| WHAT THE TASK REQUIRES |
Nothing outside the range below should be printed. Output exactly the lines from the line with "New York Jets" to the line with "ネイル ハンドネイル 西岡 杏のネイルデザイン", both included.

| EXERCISE INPUT |
»»
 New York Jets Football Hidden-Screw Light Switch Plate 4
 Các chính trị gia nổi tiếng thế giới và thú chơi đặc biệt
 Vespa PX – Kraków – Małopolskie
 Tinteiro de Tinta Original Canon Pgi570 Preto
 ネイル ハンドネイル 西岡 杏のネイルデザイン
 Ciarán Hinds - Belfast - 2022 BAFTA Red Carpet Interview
««
»»
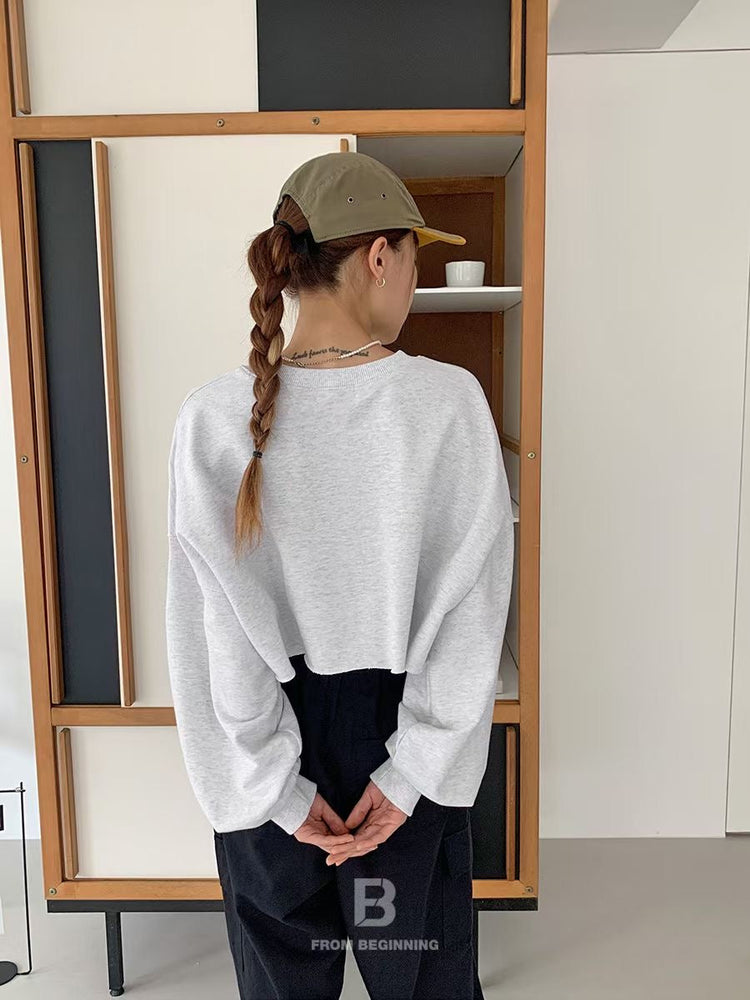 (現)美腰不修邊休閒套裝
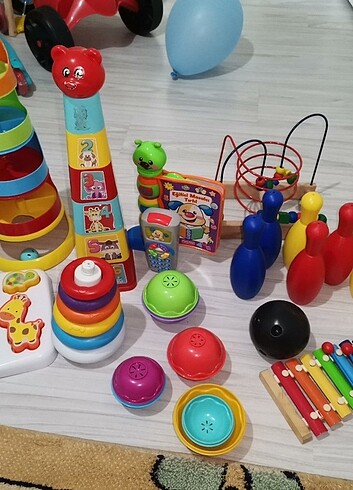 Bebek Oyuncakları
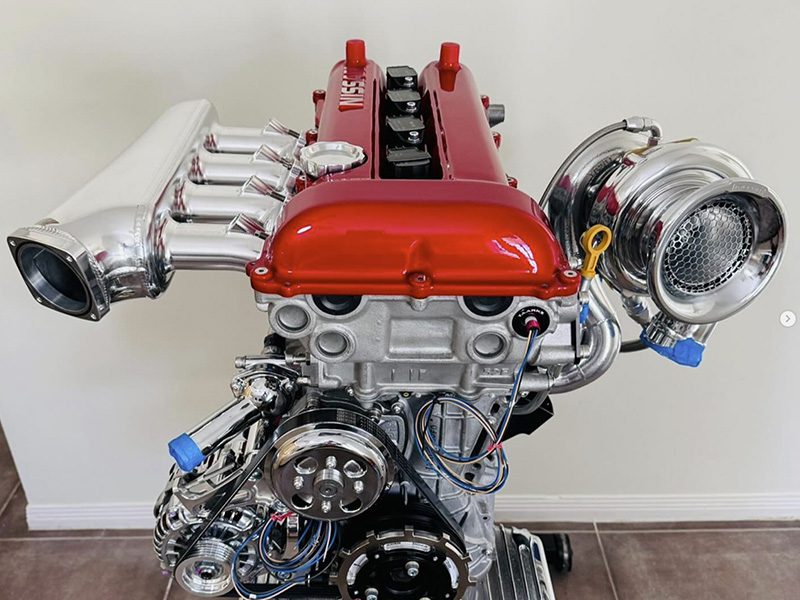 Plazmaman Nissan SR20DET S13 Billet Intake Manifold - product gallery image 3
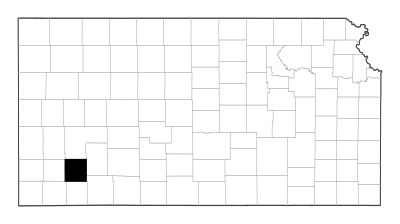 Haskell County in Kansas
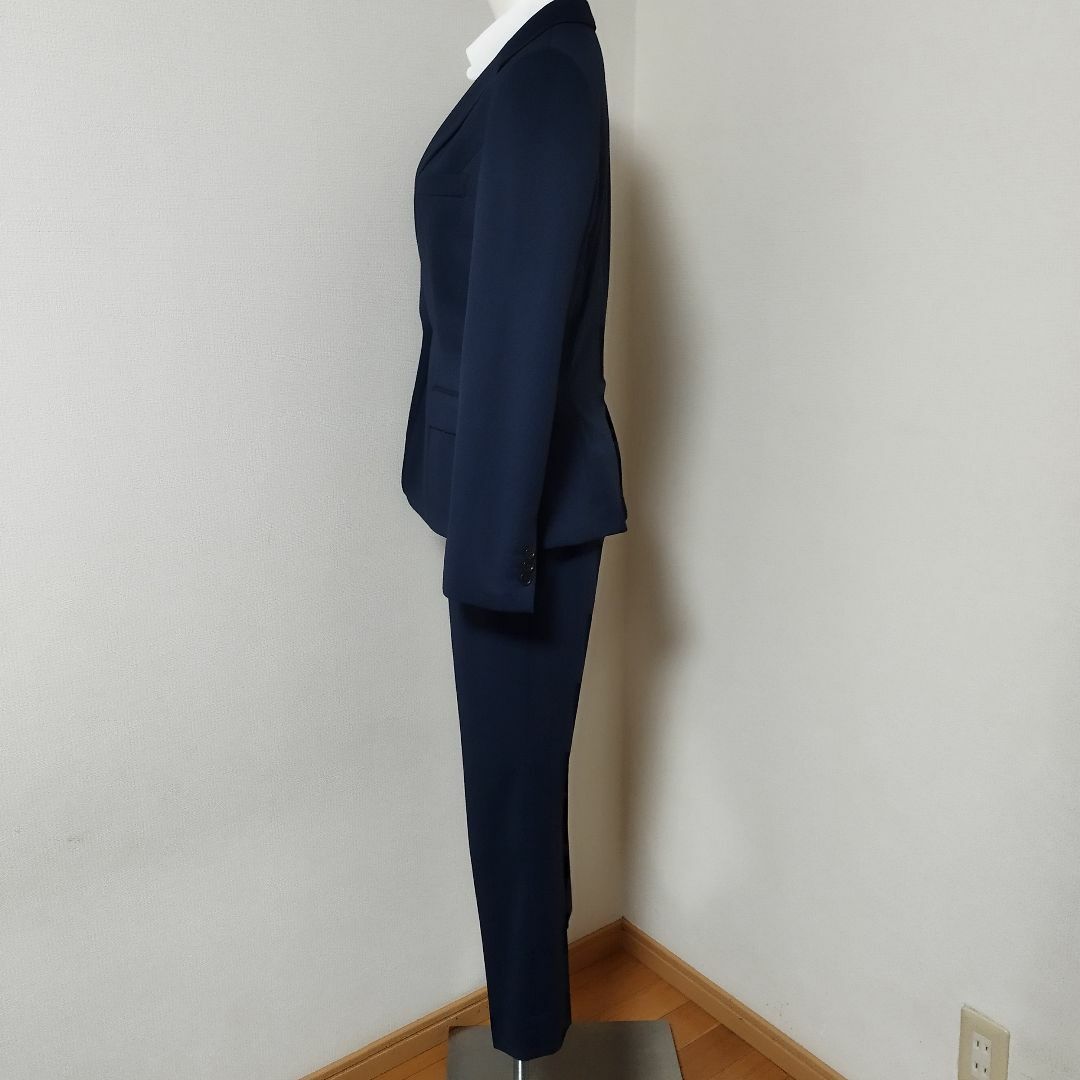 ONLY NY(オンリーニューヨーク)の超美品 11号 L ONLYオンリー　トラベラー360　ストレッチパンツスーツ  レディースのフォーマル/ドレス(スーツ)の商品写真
««
»»
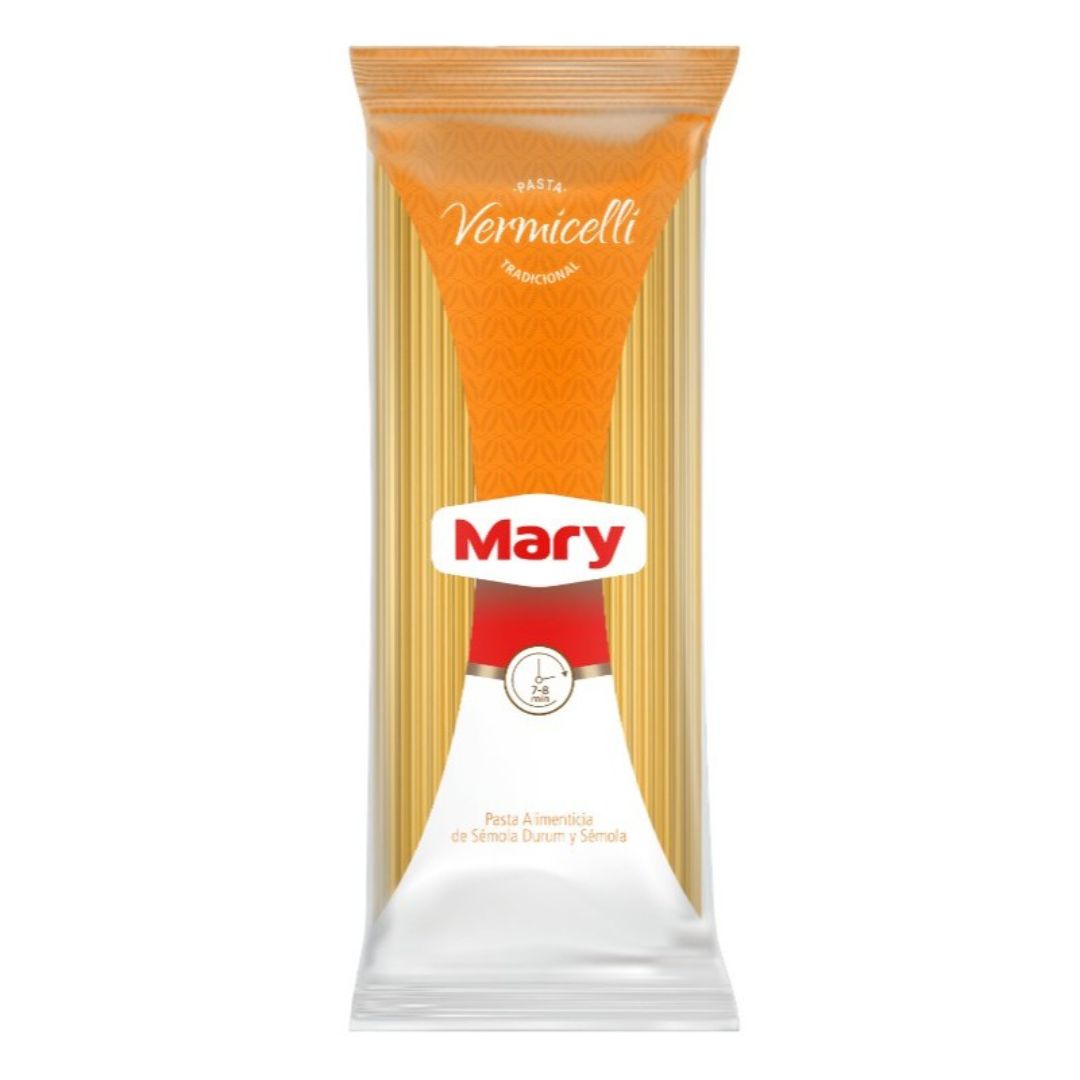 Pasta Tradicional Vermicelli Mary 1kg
««
| WRITTEN ANSWER |
 New York Jets Football Hidden-Screw Light Switch Plate 4
 Các chính trị gia nổi tiếng thế giới và thú chơi đặc biệt
 Vespa PX – Kraków – Małopolskie
 Tinteiro de Tinta Original Canon Pgi570 Preto
 ネイル ハンドネイル 西岡 杏のネイルデザイン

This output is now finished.